I'm sure I'm not the only one in this boat. I recently saw a very humorous College Humor video where the couple laments that after one's parent invited all their friends from a cruise, they had room for exactly 6 friends or something to that extent but here's my situation.
The FI and I went looking for reception venues. I didn't want a hall that reminded me of a graduation party (ha...too much My Fair Wedding, I guess) so the local community center and my church, large and inexpensive venues, I immediately said no to. Then I found this winery out in the country after my mom mentioned our church friends owned it. I immediately fell in love with the place. Here are my problems:
1. It only holds 150 people.
I have a mom/stepdad and dad/stepmom.
The FI has a mom and dad/stepmom.
The FI's dad's side alone we calculated to be 52 (his dad has 8 brothers and sisters). After everything was said and done we had 172 people on the guest list. It was 158 until the FMIL mom threw a fit about inviting work people and family friends who have known the FI since birth. That dwindled my parents' side down dramatically. Since my folks are paying for most of the wedding, they're kind of irked. I don't know what to do about his dad's side (there is nothing we can really do) but my mom seems to think that if we invite 172 people the sky will fall and they will all show up. She wants it more around the 130 mark. She would rather we only invite 130, actually. That's not gonna happen. And you can bet that the FI and I's extent of inviting friends is our wedding party. Advice? It literally has been the cry-worthy part of my planning apart from when I apparently lost my mind for a day and thought I HAD to have chair covers.
2. It's out in the country about 10-15 miles away from the ceremony. We're going to have beer and wine (no hard liquor per winery rule) available until the quantity we buy runs out, but I'm concerned about transportation. Is it my responsibility to find and provide people with transportation back home/to hotel if they drink too much? The FMIL seems to think it is.
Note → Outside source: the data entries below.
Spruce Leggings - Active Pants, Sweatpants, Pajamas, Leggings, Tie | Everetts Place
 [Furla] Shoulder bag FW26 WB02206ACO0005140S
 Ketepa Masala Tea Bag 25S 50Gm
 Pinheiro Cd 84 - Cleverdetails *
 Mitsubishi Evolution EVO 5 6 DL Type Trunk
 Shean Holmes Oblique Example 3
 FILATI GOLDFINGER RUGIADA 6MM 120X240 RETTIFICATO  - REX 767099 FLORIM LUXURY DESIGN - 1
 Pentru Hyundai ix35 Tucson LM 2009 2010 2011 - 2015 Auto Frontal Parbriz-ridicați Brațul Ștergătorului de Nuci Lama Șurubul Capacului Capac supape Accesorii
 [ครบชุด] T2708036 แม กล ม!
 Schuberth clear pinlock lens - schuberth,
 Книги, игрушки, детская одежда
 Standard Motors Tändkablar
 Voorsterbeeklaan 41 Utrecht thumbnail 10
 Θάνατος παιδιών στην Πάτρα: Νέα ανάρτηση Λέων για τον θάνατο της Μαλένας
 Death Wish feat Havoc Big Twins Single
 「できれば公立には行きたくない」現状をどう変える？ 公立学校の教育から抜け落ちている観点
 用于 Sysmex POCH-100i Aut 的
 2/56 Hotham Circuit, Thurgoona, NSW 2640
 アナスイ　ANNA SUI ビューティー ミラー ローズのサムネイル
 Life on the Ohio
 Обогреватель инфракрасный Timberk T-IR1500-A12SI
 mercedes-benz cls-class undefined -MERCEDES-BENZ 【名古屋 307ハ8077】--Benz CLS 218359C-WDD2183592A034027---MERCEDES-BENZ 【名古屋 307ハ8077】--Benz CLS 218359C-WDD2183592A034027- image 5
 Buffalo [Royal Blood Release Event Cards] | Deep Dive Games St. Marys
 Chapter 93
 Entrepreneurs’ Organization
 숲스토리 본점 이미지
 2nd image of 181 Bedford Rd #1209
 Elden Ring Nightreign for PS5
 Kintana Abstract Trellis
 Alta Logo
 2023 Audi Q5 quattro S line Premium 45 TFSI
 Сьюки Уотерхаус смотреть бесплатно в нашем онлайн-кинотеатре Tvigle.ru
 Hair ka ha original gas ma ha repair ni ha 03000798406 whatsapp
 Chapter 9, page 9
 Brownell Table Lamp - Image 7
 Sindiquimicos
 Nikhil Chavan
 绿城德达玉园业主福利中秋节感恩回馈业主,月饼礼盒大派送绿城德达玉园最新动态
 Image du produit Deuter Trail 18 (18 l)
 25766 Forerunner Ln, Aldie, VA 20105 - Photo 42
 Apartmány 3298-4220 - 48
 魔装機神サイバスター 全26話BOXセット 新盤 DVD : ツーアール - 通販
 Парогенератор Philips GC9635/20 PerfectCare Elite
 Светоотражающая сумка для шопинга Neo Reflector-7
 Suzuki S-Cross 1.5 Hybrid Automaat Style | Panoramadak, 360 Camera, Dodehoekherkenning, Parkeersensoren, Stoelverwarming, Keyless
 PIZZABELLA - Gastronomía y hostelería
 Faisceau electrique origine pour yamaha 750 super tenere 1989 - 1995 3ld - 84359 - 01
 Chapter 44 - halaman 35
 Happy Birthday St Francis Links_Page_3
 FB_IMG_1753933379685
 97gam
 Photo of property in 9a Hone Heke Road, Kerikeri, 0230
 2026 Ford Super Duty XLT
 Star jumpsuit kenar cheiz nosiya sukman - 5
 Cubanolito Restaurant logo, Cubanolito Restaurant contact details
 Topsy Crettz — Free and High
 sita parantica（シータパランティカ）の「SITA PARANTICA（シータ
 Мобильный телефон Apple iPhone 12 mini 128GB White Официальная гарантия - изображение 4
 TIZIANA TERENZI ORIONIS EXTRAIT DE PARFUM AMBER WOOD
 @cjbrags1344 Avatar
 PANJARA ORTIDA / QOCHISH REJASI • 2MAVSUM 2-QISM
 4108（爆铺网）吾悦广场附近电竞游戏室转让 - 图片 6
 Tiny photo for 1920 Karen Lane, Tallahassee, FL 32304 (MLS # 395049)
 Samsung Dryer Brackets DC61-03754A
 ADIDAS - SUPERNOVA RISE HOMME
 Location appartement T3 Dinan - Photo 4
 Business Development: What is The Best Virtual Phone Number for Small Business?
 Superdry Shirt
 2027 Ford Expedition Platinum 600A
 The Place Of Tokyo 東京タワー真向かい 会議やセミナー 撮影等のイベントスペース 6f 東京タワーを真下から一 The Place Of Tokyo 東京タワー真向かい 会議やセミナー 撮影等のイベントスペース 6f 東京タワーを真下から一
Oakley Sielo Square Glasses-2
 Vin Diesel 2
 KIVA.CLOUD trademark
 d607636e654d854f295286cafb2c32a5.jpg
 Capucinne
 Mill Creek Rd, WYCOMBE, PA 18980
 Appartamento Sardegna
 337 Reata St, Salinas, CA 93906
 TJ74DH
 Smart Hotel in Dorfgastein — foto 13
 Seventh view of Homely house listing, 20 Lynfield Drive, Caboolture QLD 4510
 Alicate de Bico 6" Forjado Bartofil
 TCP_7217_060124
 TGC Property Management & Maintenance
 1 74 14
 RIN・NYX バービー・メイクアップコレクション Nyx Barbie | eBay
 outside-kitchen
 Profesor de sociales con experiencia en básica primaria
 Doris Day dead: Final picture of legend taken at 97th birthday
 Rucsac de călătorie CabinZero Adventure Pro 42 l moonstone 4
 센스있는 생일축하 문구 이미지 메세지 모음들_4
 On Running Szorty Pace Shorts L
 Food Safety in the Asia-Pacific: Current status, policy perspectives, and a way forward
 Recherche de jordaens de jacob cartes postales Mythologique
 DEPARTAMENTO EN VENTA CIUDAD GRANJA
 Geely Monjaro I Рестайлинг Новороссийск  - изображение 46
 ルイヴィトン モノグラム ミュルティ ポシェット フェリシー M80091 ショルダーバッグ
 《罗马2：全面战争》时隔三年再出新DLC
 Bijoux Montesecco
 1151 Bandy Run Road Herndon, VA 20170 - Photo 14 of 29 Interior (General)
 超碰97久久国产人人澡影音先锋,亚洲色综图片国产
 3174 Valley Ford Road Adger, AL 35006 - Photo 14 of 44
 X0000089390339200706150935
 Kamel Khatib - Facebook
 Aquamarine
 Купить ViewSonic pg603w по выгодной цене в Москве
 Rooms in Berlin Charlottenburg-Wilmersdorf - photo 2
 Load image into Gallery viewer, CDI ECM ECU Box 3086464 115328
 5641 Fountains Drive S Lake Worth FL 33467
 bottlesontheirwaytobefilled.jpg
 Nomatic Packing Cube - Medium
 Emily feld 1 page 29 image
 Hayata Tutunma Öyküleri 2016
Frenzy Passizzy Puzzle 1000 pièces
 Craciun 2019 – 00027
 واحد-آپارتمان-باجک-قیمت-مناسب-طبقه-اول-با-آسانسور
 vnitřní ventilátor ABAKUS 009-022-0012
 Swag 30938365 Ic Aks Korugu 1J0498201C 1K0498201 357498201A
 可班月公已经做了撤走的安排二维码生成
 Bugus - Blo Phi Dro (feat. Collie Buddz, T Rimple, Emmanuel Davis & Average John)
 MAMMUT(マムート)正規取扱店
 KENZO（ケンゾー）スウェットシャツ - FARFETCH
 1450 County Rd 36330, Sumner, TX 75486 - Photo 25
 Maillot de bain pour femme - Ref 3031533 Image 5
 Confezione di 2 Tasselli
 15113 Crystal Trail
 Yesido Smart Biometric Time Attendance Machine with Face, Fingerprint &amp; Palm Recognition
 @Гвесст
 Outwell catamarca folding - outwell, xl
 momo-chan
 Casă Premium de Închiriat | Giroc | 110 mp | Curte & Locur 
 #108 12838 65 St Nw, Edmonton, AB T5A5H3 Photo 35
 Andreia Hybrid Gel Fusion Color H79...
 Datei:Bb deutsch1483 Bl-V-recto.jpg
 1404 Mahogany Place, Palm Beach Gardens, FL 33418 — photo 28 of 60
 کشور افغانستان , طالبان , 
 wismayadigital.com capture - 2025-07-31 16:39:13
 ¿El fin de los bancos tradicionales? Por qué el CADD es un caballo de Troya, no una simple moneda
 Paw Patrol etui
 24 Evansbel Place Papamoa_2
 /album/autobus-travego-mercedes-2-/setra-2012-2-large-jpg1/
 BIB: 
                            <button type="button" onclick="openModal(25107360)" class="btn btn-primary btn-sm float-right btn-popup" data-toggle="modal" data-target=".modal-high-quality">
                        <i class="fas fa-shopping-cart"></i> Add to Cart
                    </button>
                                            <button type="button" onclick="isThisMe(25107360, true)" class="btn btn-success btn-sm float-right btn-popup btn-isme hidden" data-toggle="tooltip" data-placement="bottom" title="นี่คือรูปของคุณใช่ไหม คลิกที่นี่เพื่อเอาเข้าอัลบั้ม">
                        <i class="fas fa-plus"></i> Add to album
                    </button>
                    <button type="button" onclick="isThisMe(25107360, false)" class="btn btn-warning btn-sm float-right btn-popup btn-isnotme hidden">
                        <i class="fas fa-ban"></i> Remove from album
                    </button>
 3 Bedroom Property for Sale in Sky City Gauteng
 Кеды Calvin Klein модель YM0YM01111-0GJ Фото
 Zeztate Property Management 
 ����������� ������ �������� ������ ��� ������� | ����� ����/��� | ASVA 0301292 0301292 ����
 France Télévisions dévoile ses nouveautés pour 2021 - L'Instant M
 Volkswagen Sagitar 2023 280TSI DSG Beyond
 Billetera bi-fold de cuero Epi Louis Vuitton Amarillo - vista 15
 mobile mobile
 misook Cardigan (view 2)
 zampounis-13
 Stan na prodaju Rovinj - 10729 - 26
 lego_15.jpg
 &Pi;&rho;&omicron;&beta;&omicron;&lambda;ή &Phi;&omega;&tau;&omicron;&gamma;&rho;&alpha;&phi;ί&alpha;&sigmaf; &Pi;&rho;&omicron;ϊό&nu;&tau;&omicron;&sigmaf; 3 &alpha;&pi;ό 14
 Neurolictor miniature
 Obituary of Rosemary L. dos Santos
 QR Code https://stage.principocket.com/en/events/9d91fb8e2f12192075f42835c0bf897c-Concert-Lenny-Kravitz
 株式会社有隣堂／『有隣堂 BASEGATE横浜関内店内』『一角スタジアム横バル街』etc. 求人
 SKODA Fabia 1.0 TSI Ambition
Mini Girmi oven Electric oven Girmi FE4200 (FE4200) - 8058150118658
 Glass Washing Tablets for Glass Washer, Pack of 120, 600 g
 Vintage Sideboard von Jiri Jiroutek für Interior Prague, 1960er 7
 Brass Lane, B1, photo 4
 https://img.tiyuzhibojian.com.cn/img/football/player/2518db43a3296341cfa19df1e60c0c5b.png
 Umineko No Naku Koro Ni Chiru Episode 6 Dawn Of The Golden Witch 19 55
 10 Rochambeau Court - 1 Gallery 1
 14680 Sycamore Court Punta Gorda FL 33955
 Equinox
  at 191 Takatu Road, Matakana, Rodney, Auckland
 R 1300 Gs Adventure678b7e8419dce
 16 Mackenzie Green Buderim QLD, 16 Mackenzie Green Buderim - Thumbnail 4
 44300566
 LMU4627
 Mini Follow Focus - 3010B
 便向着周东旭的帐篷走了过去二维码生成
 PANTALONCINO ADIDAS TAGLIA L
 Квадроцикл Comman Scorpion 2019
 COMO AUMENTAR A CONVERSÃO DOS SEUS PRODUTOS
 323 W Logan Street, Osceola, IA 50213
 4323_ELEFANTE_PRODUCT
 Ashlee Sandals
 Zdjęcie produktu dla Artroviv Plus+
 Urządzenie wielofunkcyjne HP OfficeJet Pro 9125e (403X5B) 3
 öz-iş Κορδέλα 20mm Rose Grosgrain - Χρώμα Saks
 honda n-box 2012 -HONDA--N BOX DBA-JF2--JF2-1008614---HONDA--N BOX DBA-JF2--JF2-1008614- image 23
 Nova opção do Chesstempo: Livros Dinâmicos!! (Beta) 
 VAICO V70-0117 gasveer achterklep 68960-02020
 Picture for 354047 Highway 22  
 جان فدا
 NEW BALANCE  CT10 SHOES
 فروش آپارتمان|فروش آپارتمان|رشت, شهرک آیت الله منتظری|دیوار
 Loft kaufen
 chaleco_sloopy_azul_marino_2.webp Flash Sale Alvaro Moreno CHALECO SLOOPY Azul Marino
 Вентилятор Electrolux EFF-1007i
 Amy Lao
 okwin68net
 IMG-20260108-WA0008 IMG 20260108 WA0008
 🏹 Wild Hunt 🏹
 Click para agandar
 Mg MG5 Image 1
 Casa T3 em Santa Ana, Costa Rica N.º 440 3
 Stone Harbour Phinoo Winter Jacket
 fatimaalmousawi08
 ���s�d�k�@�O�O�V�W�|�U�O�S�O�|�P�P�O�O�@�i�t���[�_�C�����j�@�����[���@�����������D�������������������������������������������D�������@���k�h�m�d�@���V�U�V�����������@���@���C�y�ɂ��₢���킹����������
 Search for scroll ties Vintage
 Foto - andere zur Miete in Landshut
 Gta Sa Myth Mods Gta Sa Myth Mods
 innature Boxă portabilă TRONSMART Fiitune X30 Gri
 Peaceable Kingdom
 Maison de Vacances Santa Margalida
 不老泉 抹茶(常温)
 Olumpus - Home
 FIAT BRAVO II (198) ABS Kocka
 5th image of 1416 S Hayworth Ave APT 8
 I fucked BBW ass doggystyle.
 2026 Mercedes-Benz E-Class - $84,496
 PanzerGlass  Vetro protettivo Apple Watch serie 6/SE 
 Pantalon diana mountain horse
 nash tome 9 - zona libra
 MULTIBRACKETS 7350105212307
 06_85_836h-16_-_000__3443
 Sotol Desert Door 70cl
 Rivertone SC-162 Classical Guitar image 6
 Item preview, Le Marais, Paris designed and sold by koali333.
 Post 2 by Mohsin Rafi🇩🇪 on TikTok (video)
My parents, trying to stay on budget, do not. Where do I stand etiquette wise here?
And now I'm gonna have a drink.
PS- The FMIL thinks that the work people won't come but will send money and so we should send a courtesy invite. That just sounds rude.
PSS - I actually really really like my FMIL. She's not a monster in law. She can just be...super dramatic.
Re: Guest list/reception advice
I will be honest and say I got a little lost in your back ground story so let me try and answer this as short and sweet as I can.
1. Your venue only holds 150. Period. Think about this like you would seat belts in a car. You have 4 seat belts therefore 4 people can ride in your car. You in turn have 150 seats, so, you can invite 150 people (INCLUDING YOUR WEDDING PARTY AND YOU AND YOUR GROOM) to the wedding. Period. End of story. Always plan for 100% attendance. What happens if you invite 170-something and everyone says yes (or even just 160)….then what? Additionally I would ask the venue what it looks like set up for 150. My venue “says” it can go a max of 300, I am having 225. Looking at the set up for 225 I cannot see there being enough room for more than 250 without losing a lot of dance floor or making people hit the backs of their chairs together all night. Remember venues will pack as many people they can in before the fire marshal shuts them down so do not count on them to tell you how many COMFORTABLY fit.
Also, do not invite people just for the gifts it’s just tacky.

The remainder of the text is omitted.